OK, I think I see the problem.  I should not have used "ID", or anything
suggesting "identity" as the keyword.  That will immediately block
consideration by anyone who has strong beliefs about which identity a
sender should be using.  I need a more neutral term.

Let's try this again.  We need some way to avoid the DNS hunt that
Daniel just described.  Here is the incoming message:

   EHLO  mailserver7.bigforwarder.com
   CLUE bigforwarder.com
   MAIL FROM:<bob-at-sales.some-company.com>

So, if someone at bigforwarder.com wants to forge e-mail from
sales.some-company.com, they just have to tell us to ignore the identity
for sales.some-company.com. I don't care how big the forwarder is, there
is always the possibility that they will be compromised.

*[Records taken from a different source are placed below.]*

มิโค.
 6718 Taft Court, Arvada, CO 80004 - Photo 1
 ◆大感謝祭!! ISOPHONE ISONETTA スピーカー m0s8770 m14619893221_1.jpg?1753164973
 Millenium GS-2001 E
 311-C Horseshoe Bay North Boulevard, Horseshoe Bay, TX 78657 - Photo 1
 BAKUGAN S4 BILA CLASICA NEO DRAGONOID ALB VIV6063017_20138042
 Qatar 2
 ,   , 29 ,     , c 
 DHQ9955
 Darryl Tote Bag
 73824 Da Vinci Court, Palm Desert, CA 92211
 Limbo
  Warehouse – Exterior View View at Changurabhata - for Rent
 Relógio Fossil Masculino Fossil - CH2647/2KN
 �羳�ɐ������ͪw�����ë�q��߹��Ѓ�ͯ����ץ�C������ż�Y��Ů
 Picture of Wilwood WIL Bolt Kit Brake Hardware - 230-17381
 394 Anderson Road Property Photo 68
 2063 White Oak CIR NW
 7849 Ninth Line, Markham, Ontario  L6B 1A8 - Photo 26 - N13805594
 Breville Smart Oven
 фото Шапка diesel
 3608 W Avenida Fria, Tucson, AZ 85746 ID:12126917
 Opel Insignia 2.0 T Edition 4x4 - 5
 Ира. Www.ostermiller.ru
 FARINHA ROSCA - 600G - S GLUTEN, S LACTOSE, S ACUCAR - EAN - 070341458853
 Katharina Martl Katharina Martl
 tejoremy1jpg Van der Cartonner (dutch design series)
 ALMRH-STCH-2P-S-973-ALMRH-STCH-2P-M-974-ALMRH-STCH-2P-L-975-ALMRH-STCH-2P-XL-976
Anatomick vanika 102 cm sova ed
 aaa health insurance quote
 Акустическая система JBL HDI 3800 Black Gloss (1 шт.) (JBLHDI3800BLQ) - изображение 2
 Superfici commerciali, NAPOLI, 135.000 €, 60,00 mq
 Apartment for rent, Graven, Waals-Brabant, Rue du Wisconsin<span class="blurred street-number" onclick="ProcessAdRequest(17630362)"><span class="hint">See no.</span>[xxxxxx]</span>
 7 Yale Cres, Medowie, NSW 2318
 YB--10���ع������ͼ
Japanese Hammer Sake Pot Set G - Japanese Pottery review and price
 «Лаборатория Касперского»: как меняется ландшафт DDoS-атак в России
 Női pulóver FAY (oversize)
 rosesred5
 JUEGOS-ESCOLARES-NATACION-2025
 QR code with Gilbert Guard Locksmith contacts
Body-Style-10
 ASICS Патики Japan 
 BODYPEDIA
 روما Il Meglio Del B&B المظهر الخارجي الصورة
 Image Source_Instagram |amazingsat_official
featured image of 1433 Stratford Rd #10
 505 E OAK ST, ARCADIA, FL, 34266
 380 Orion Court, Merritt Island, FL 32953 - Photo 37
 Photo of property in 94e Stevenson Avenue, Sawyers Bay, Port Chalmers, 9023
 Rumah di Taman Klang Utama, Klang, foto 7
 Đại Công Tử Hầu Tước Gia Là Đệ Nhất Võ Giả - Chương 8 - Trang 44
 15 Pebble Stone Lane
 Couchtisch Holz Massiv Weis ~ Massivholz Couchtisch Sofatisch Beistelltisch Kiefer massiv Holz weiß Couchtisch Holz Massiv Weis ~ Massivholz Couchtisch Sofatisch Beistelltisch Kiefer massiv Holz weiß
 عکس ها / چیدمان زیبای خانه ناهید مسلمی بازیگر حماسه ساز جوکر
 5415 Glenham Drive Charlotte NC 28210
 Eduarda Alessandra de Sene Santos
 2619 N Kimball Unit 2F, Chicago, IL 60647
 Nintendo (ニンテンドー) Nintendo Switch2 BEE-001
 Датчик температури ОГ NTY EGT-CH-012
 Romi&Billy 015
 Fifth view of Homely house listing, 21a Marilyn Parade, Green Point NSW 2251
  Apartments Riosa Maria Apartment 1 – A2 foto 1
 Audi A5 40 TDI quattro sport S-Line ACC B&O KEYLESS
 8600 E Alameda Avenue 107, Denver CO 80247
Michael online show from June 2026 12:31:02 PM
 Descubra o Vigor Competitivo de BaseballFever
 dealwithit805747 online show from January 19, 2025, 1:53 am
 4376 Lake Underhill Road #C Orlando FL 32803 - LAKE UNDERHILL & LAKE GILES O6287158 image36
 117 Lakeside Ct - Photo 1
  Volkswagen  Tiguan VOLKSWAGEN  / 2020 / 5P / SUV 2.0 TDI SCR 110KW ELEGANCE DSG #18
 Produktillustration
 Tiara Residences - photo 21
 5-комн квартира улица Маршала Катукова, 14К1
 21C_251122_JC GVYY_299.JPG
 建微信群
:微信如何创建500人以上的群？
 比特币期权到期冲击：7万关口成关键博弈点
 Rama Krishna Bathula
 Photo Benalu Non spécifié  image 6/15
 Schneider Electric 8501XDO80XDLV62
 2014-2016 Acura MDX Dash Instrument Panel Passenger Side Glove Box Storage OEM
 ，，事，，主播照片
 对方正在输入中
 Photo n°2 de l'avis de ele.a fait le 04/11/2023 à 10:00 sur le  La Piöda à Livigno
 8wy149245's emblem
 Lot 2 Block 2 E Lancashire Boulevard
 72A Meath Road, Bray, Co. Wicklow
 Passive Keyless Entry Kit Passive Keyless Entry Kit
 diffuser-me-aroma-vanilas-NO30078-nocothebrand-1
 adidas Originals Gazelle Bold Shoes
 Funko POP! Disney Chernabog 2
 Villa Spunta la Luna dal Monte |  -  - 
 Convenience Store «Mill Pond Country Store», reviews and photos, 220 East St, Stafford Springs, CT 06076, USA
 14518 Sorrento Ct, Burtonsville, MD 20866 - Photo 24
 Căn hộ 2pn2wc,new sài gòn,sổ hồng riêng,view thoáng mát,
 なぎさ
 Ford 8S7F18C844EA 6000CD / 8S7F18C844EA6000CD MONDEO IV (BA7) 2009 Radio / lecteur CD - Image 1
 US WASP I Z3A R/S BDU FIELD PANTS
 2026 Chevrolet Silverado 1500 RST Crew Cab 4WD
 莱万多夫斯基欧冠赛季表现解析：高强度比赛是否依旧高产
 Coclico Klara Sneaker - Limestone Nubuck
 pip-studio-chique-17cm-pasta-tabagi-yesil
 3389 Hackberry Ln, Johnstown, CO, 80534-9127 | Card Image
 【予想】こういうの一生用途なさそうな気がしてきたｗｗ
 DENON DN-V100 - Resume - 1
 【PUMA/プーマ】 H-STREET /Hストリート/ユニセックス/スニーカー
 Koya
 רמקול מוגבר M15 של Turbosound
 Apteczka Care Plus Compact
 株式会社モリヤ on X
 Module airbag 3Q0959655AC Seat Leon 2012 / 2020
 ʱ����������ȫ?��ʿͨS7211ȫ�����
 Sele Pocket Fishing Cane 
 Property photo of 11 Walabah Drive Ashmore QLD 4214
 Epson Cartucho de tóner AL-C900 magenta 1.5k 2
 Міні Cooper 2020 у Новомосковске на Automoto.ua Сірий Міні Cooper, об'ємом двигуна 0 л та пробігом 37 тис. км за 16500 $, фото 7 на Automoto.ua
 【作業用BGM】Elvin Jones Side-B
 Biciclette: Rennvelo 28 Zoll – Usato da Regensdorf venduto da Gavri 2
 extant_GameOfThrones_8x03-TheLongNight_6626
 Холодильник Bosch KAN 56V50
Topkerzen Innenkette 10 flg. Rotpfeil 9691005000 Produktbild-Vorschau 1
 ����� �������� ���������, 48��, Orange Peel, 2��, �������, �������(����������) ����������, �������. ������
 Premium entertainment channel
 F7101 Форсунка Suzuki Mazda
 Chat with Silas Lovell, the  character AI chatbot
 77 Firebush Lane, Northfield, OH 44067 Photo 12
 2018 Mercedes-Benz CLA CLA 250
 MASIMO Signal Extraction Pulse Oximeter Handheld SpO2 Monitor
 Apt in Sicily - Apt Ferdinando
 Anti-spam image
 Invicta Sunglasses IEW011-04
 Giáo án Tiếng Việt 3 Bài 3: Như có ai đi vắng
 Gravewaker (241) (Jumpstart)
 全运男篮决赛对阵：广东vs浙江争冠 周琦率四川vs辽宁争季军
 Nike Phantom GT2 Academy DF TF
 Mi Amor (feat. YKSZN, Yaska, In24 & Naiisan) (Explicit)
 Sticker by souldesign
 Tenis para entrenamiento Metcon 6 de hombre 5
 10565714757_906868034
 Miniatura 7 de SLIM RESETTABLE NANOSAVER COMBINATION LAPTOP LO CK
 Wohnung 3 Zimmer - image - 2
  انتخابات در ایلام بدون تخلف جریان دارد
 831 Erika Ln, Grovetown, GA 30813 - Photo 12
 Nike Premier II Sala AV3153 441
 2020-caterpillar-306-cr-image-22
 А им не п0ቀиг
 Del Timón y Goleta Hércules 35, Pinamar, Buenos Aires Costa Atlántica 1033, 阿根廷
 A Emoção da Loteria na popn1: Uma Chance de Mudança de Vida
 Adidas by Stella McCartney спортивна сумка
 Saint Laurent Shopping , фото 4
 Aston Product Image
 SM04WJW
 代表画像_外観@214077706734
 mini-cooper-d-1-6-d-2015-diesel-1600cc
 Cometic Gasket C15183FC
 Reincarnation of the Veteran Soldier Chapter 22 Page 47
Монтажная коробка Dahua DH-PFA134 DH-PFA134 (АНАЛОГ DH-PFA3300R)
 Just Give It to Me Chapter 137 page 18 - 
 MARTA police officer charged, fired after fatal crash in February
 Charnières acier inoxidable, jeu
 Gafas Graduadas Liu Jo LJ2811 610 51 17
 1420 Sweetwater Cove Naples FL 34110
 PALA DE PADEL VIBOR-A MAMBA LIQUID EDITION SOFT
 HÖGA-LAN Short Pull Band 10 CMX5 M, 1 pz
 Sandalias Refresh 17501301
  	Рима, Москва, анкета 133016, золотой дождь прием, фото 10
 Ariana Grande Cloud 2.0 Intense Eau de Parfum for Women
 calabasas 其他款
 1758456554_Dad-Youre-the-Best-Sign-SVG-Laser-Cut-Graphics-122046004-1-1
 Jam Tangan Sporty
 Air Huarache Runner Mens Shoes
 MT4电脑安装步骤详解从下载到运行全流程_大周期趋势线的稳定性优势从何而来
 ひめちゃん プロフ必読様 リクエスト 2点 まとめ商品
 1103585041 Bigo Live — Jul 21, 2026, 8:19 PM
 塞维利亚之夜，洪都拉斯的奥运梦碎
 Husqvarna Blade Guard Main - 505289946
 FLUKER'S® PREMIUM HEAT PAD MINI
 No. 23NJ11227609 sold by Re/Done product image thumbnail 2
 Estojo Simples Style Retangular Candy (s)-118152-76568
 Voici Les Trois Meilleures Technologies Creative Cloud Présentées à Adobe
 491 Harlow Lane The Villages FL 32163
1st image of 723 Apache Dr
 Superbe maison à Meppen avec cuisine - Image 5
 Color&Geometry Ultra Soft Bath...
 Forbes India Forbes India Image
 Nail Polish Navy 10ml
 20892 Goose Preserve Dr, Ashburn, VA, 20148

What you
propose is adding a loophole big enough to drive a planet through.

The only way around your loophole is to do exactly what it is you are
proposing it to avoid, which is check the available identities against
all available verification methods.

At this point, we have no idea what method will be used.  Without a
clue, we have no idea where to look for some possible authentication
records.  We need to do a DNS query to every possible location for those
records (mailserver7.bigforwarder.com,
bigforwarder.com, sales.some-company.com. some-company.com,
_client._smtp.mailserver7.bigforwarder.com, etc.) and we need to look
for records of type TXT, SRV, SPF, etc.)  This still doesn't cover the
identities found in the mail headers.  Even after all these queries, we
still can't conclude the search.  We need to transfer at least the
headers, look for DomainKeys, and maybe a few others, and the result of
all this effort may still be - no authentication found!  This entire
hunt will be repeated at every forwarder along the way.

With a clue, all we need is one query to _AUTH.bigforwarder.com.mail.net
(or some other neutral location).  The response to that one universal
query should be packed with useful information - ratings from reputation
services, list of authentication methods, even some parameters needed
for the authentication.

And here you make it even worse. A centralized validation authority?!
Who will pay for it? And who will trust it?